Despite the ups and downs, the Queen is looking forward to the "Commonwealth Games" next summer.
“The baton is currently traveling the length and breadth of the Commonwealth, heading towards Birmingham, a beacon of hope on its journey," she shared. “It will be a chance to celebrate the achievements of athletes and the coming-together of like-minded nations.
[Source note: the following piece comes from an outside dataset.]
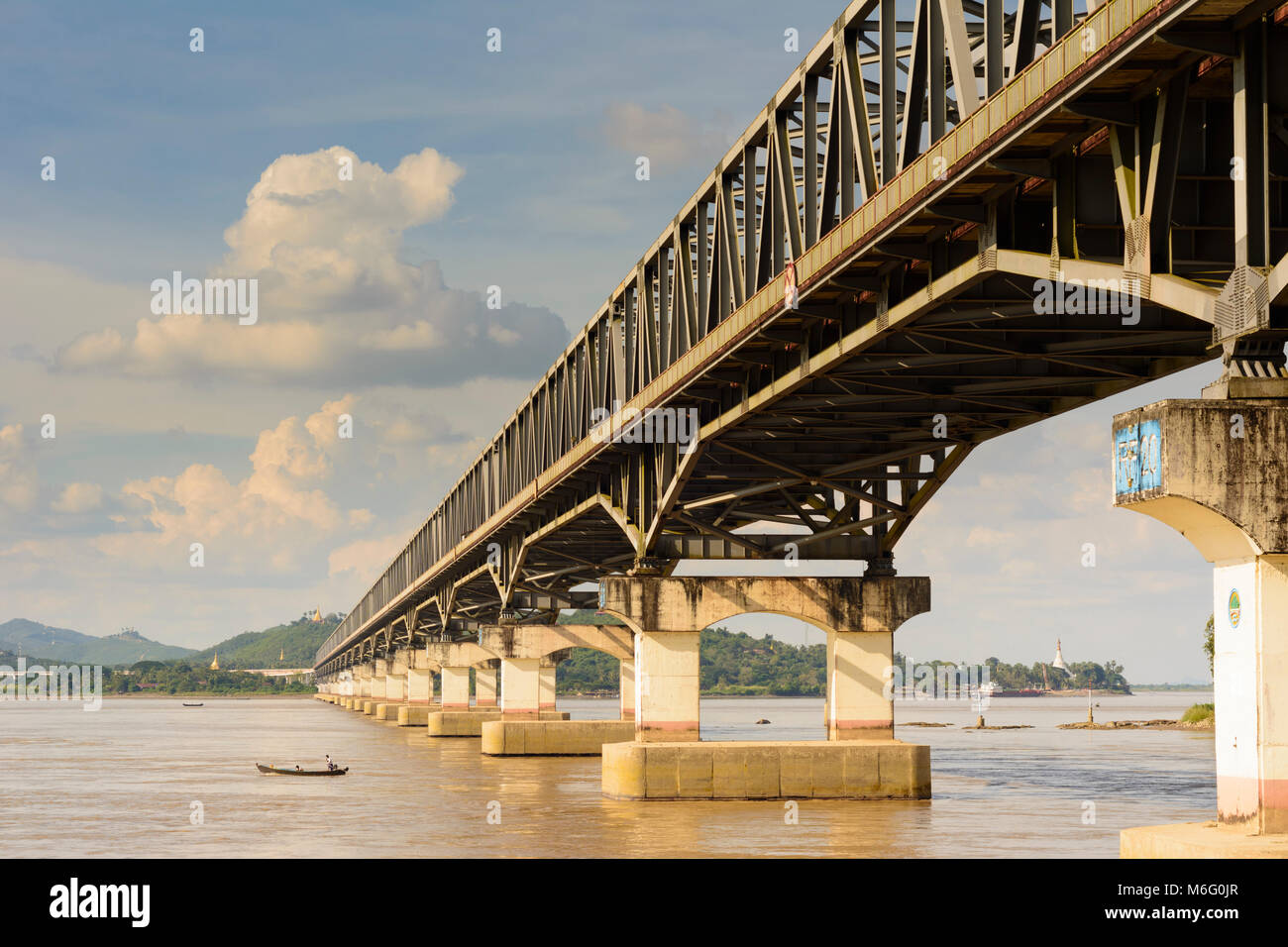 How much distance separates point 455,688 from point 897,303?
8805 cm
And February, just six weeks from now, will see the start of my Platinum Jubilee year, which I hope will be an opportunity for people everywhere to enjoy a sense of togetherness, a chance to give thanks for the enormous changes of the last 70 years – social, scientific and cultural – and also to look ahead with confidence."
Ultimately, the matriarch is trying to think positively. “Adults, when weighed down with worries, sometimes fail to see the joy in simple things, where children do not," she said. “And for me and my family, even with one familiar laugh missing this year, there will be joy in Christmas, as we have the chance to reminisce, and see anew the wonder of the festive season through the eyes of our young children, of whom we were delighted to welcome four more this year. They teach us all a lesson – just as the Christmas story does – that in the birth of a child, there is a new dawn with endless potential. It is this simplicity of the Christmas story that makes it so universally appealing, simple happenings that formed the starting point of the life of Jesus — a man whose teachings have been handed down from generation to generation, and have been the bedrock of my faith."
“His birth marked a new beginning," she concluded. “As the carol says: ‘The hopes and fears of all the years are met in thee tonight.’ I wish you all a very happy Christmas.”
Queen Elizabeth failed to mention Prince Andrew, Meghan Markle and Prince Harry in her nine-minute speech.